Fawick v. Comm'r of Internal Revenue , Docket No. 846-67.

Decision Date21 April 1969
Docket NumberDocket No. 846-67.
Citation162 U.S.P.Q. 185,52 T.C. 104
PartiesTHOMAS L. FAWICK AND MARIE FAWICK, PETITIONERS v. COMMISSIONER OF INTERNAL REVENUE, RESPONDENT
CourtU.S. Tax Court

OPINION TEXT STARTS HERE

Edward C. Crouch, for the petitioners.

John P. Graham, for the respondent.

One of petitioners assigned certain patents, together with improvements that may be owned, controlled, or subject to licensing by him, to Falk Corp. After this assignment this petitioner assigned a part of his right under this contract to his wife, the other petitioner in this case. The assignment provided for an exclusive license only with respect to uses for marine purposes. The assignor together with the assignee worked on certain improvements and a number of improvements were patented by the petitioner-assignor. After expiration of the original patents but while an improvement patent which was used by Falk Corp. was unexpired, that corporation made payments to the petitioner-wife here for the years 1961, 1962, and 1963 under the assignment made to her from the petitioner-husband. Held: The exclusive right to make, to use, and to sell with respect to one industrial field, namely, marine purposes, is an assignment of all substantial rights under sec. 1235, I.R.C. 1954; the fact that the original patent had expired does not cause the payments made under the contract to be ordinary income instead of capital gain where an improvement patent is still being used by the assignee; none of the payments was for services of the assignor, the evidence showing that the payments were all for the use of the improvement patent; the contract entered into providing for the exclusive right to use for marine purposes the inventions contained in the patent applications listed in the contract or any licenses by petitioner constituted an agreement to assign future improvements and when future improvement patents were obtained payments which continued to be made under the contract constituted capital gain within the provision of sec. 1235, I.R.C. 1954, even though no formal assignment of the improvement patent was made.

SCOTT, Judge:

Respondent determined deficiencies in petitioners' income taxes for the calendar years 1961, 1962, and 1963 in the amounts of $46,066.22, $36,873.26, and $45,389.87, respectively.

Most of the issues raised by the pleadings have been disposed of by agreement of the parties, leaving for our decision whether amounts received by one of petitioners from Falk Corp. with respect to the manufacture by that corporation of a flexible clutch are long-term capital gain or ordinary income.

FINDINGS OF FACT

Some of the facts have been stipulated and are found accordingly.

Petitioners, husband and wife whose legal residence was Shaker Heights, Ohio, on the date of the filing of the petition in this case, filed joint Federal income tax returns with the district director of internal revenue at Cleveland, Ohio, for the calendar years 1961, 1962, and 1963.

Thomas L. Fawick (hereinafter referred to as petitioner) has been an inventor since sometime before 1926 and has been issued approximately 200 patents on his inventions during his lifetime.
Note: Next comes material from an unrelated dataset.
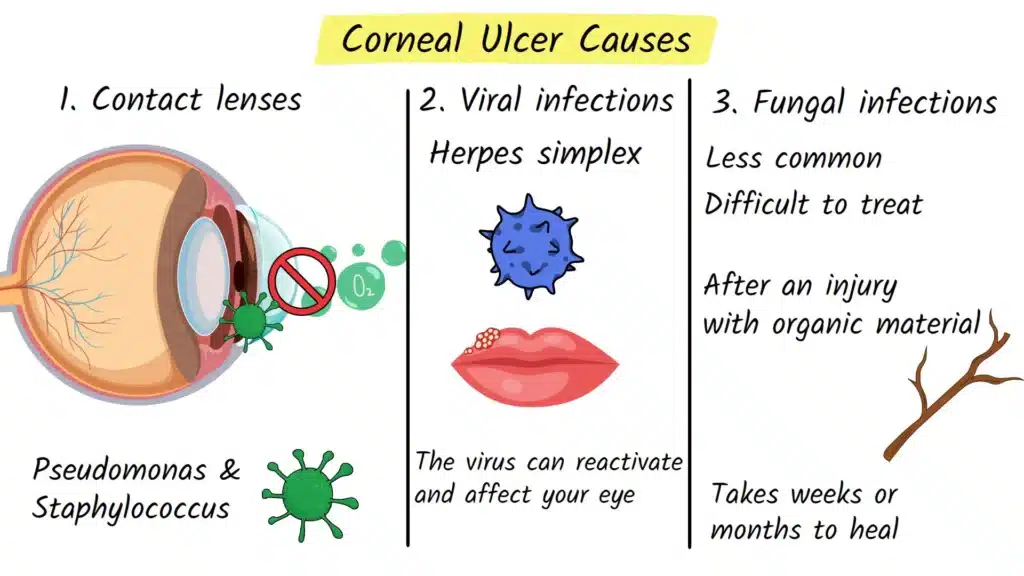 Corneal Ulcer causes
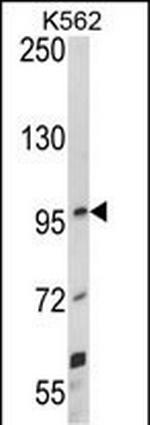 UNC5C Antibody in Western Blot (WB)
He has not made a practice of selling his inventions or granting licenses to others to manufacture under his patents but has generally used his patents in his own manufacturing business. Around 1926 he sold a patent on a transmission which was of a type he was not equipped to make and made no other sales or assignments of patents until he entered into an agreement with Falk Corp. in 1937 with respect to a patent for a flexible clutch and coupling.

Prior to 1928 petitioner was engaged in the business of manufacturing clutches in Racine, Wis. He sold this business in late 1927 or early 1928 and moved to Akron, Ohio. While he was in Akron he visited various rubber plants and began to conceive the idea of a flexible brake, coupling, and clutch with certain of the moving parts made of rubber. About 1936 he completed these inventions and made test models of his flexible coupling and clutch utilizing the principle of a rubber gland inflated with air. In 1936 petitioner filed patent applications with request to these inventions which later became known as Airflex couplings and clutches. Petitioner's application No. 99,420 dated September 4, 1936, was filed with the U.S. Patent Office and U.S. patent No. 2,111,422 was issued upon this application on March 15, 1938, for Assembly for Driving Clutches and the like. Petitioner's application No. 99,421, dated September 4, 1936, was filed and U.S. patent No. 2,141,645 issued on this application on December 27, 1938, for Assembly for Universal Joints and the like. Petitioner's application No. 101,638, dated September 19, 1936, was filed and U.S. patent No. 2,251,443 issued on this application on August 5, 1941, for Assembly for Clutches, Brakes, Universal Joints and the like. Patent No. 2,111,422 refers to the claim that ‘the construction and arrangement is admirably suited for heavy drives such as are required in oil-well drilling equipment * * * .’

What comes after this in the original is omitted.